A Thank You to Marvin
By Jay Parks (GrimlockTheDino)
Marvin Yagoda is gone, but his legacy lives on through both his family and the memories that we all have thanks to Marvin's Marvelous Mechanical Museum.
Marvin Yagoda, the founder of Marvin's Marvelous Mechanical Museum passed away on the evening of Sunday, January 8th. Marvin started collecting coin-operated machines and other odd objects over 50 years ago. He is recognized as an expert in the field of mechanical and electrical game apparatuses. Marvin has even been involved in appraisals of such items on American Pickers.
Marvin's Marvelous Mechanical Museum opened in 1990; Marvin started collecting long before that, in 1960. When asked why he decided to open up the museum Marvin said there were two reasons:
“I decided to open the museum because I had so much stuff in my house,” Yagoda told The Oakland Press in a 2010 interview. “That, and my wife told me I had to do something with it.”
Marvin's Marvelous Mechanical Museum is located at Orchard Lake and 14 Mile in Farmington Hills, Michigan, and houses everything from historical games to the newest arcade machines, with all sorts of odd things in between. Marvin's Marvelous Mechanical Museum is listed in the World Almanac's 100 Most Unusual Museums In the U.S.
I have a lot memories of Marvin and his marvelous museum; I have taken family and friends there many times.
But one memory is both my first and my favorite: I was just a kid and my dad and I would go on weekend adventures exploring all sorts of cool locations. One day, my dad drove me to a small strip mall with not much else around. He pulled through the split in the middle of the mall and as we drove though, a large lit-up sign dancing with lights said, "Marvin's Marvelous Mechanical Museum." When I walked through the door my jaw hit the ground. IT WAS AN ARCADE!!!! But it was unlike any arcade I had ever seen. We spent hours playing some of my favorite newer games, as well as games my dad loved when he was a kid.
During our visit my dad called me over to meet someone. It was Marvin. My dad told me, "This is Marvin and this is his museum." I stood there speechless, then asked him, "Where did you find all this stuff???" Marvin laughed and grabbed me a small popcorn then said he had been collecting for a very long time and opened this place to share his collection with everyone. My dad reminded me to thank him for the popcorn and we went on with our amazing day at Marvin's Marvelous Mechanical Museum. My day was coming to a close and I was so happy that my dad took me to this amazing place so I decided I had to do something for my dad. I had just enough change left to make a custom coin for my dad to have as a memory of our trip. I put my money in and started turning the large arm full of letters and numbers, stopping at each letter and then pulling another lever to stamp the coin. I was so excited and could not wait to give my dad this gift! I finished the coin and had it in my hand; it was still warm from the machine stamping the message that I knew my dad would love. I ran up to him and said, "Here, Dad, this is for bringing me to Marvin's!" He looked at the coin, then back at me, and started laughing. I said, "What's funny? It says 'My dad's a winner,'" or so I thought. My dad responded with, "No, it's better than that." I looked at him with confusion then he read my coin out loud; "My dad's a wiener." We both laughed some more and then he put the coin in his pocket. My dad still has that coin on his desk and every time I see it I smile and think about how that day is and always will be very special to us both.
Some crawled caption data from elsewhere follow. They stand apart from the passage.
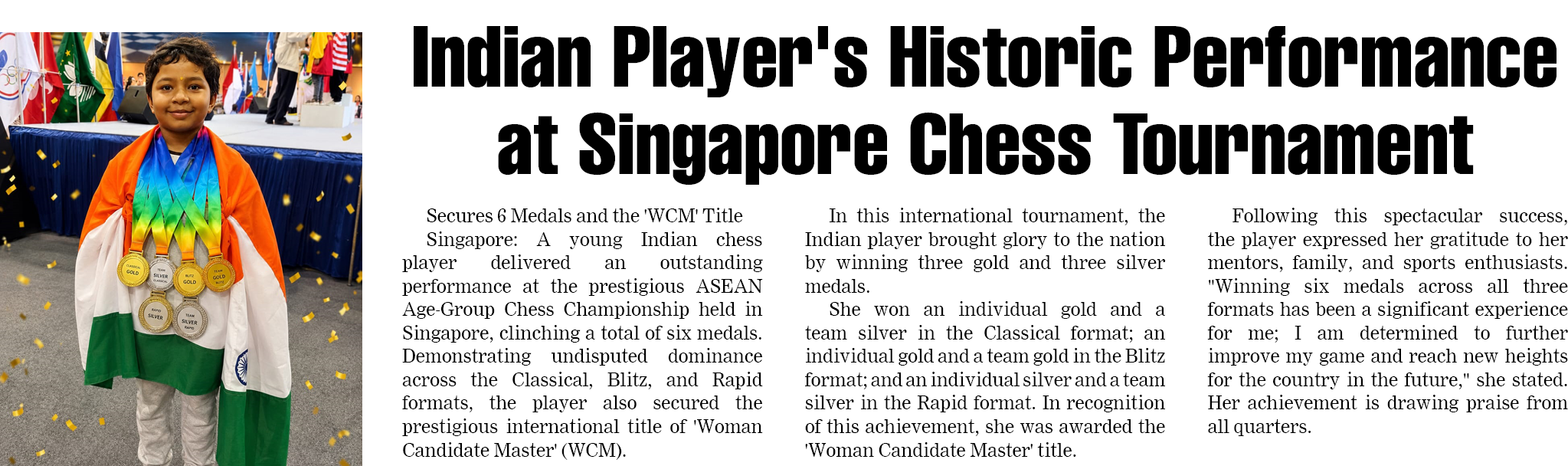 Page 4 clipping 1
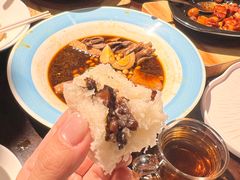 -熙楼(翠湖店)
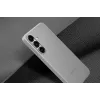 Samsung Galaxy S25 Kindsuit dirbtinės odos dėklas
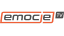 Emocje TV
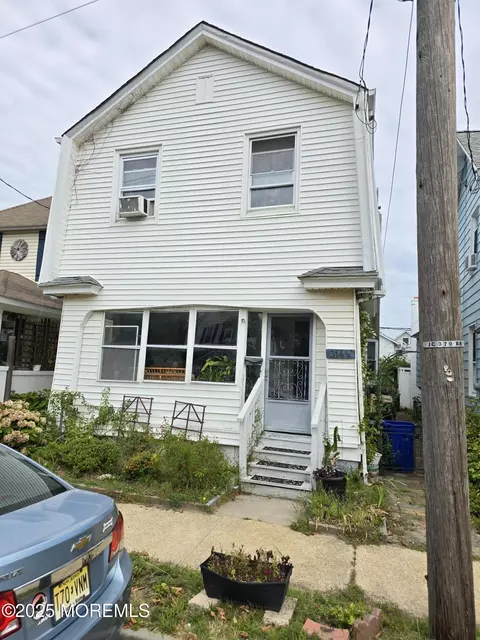 314 5 Ocean Park Ave, Bradley Beach, NJ 07720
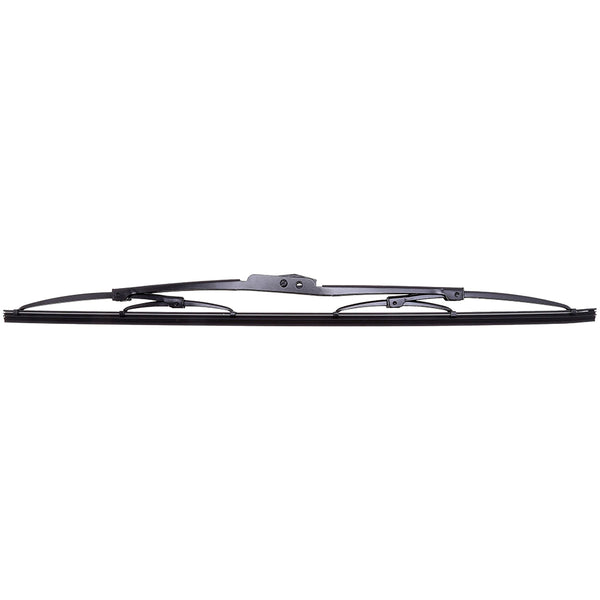 TRICO 30-180 30 Series Wiper Blade (18")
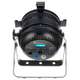 Retro Flat Par 18x10W RGBWA UV - Retro Flat Par 18x10W RGBWA UV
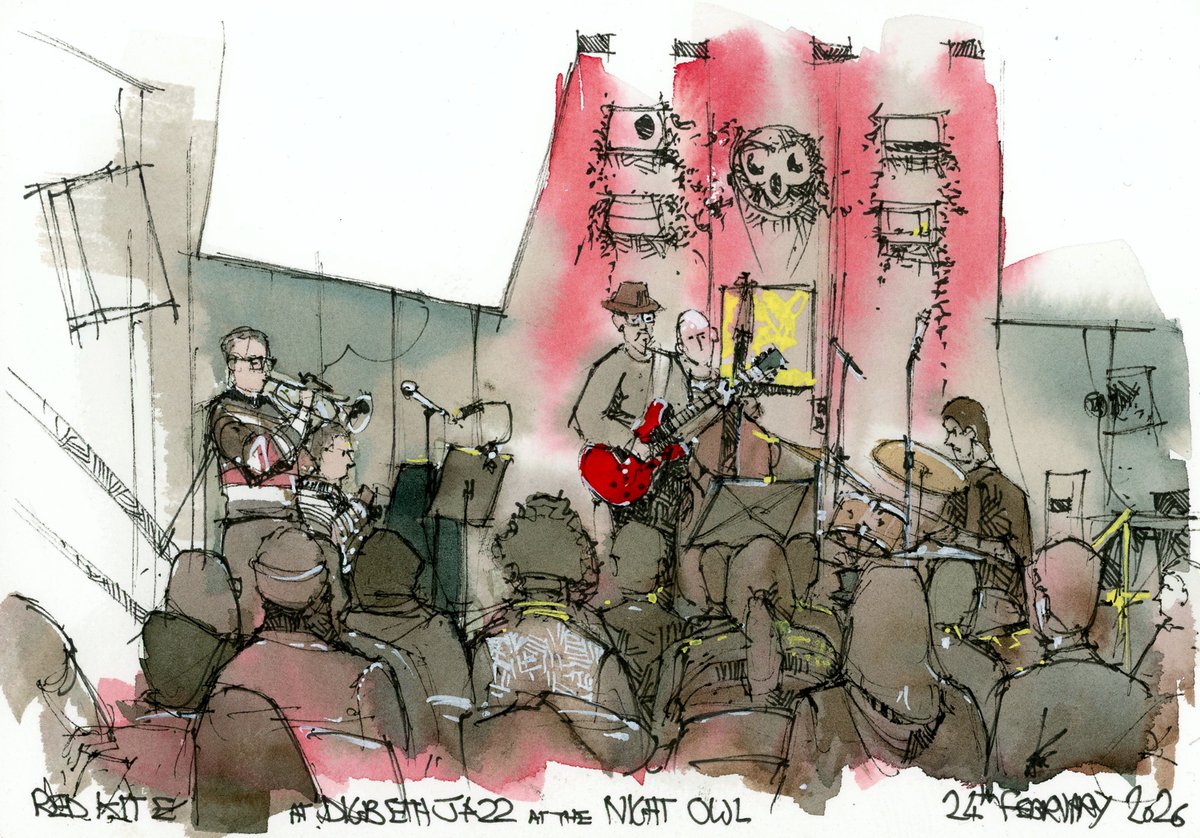 Tim Griffiths tweet media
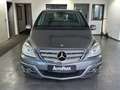 Mercedes-Benz B 200 Sport*Teilleder*SHZ*AHK* Grau - thumbnail 5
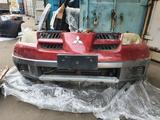 Mitsubishi outlander носкат за 300 000 тг. в Алматы
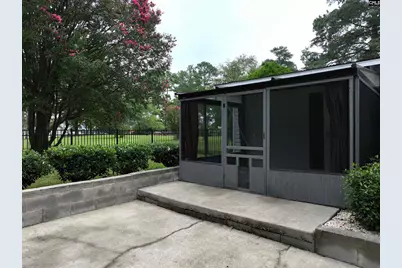 1457 Bombing Range, Gilbert, SC 29054 - Photo 23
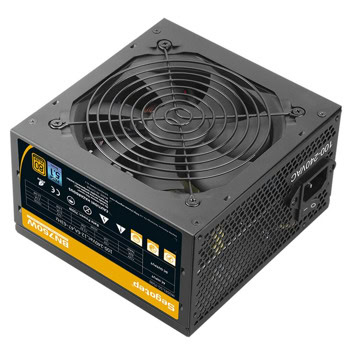 Segotep BN750W V2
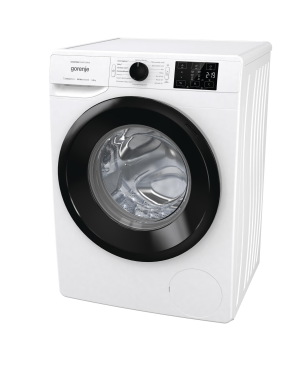 GORENJE WNEI86APS Waschmaschine (8 kg, 1600 U/Min., A)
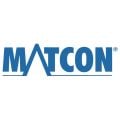 MATCON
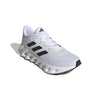 adidas - Men's Switch Run Shoes (IF5719)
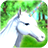 icon Unicorn Run 1.2.0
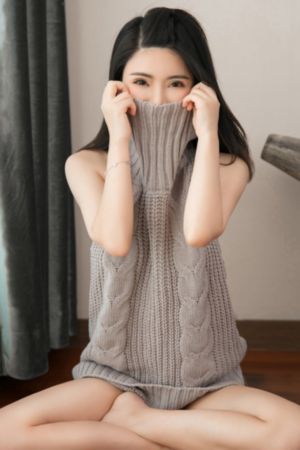 操老b视频-韩语正片高清免费观看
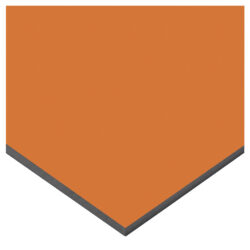 Oranje Ral 2009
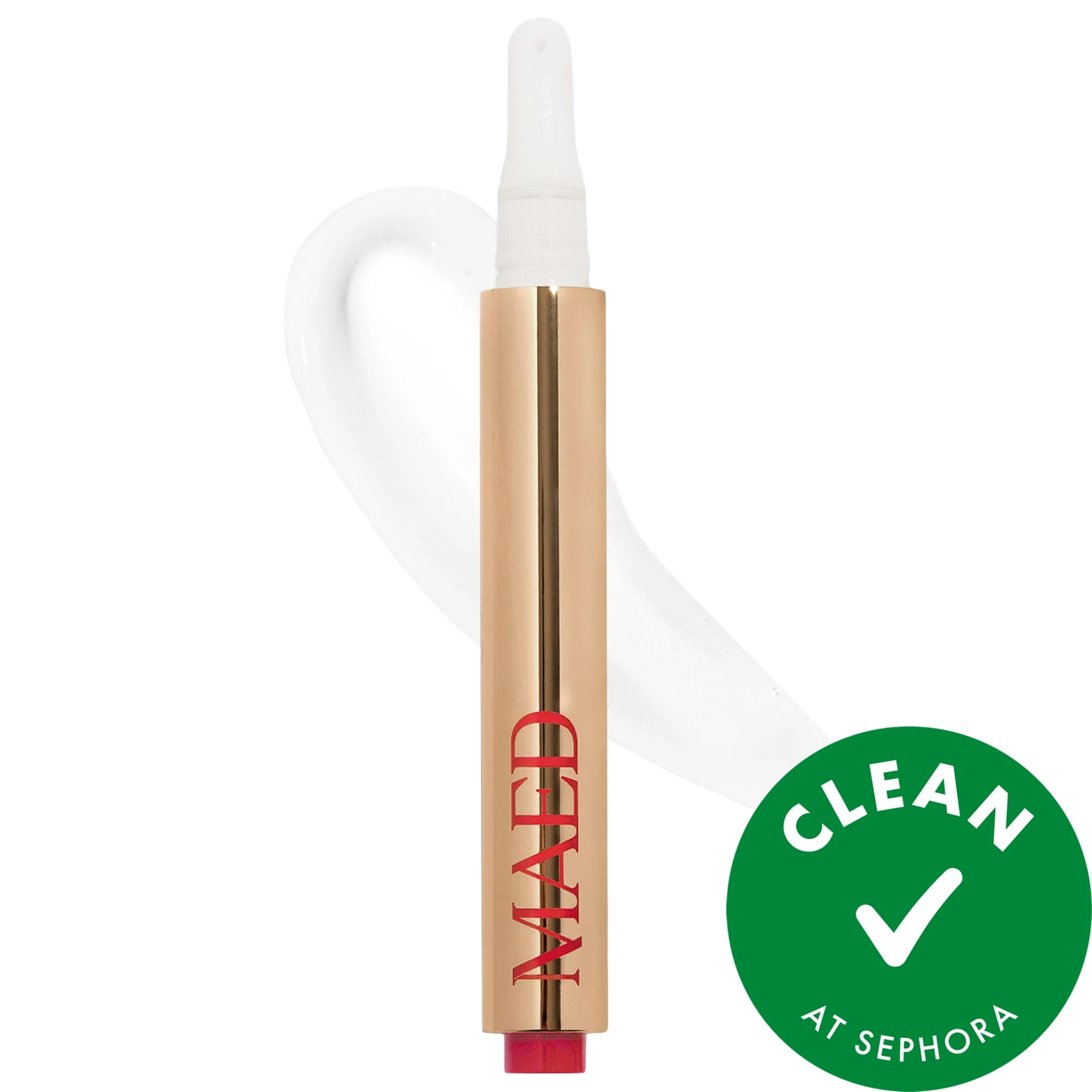 undefined Clean at Sephora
Thank you, Marvin, for that memory. I am sure many people out there have stories just like mine thanks to you.
Marvin has always been someone that inspired me to be myself and enjoy whatever I want. He lived his dream and shared it with everyone. Every time I was in his museum I would see him hanging out playing his games and sharing his stories with anyone who wanted to listen. Marvin was an amazing person and he built an amazing museum. I will miss seeing him when I go visit the museum but the memories I have are priceless and I would never trade those for anything.
Thanks, Marvin, for everything. Your museum was marvelous but I think what really made it so special was you.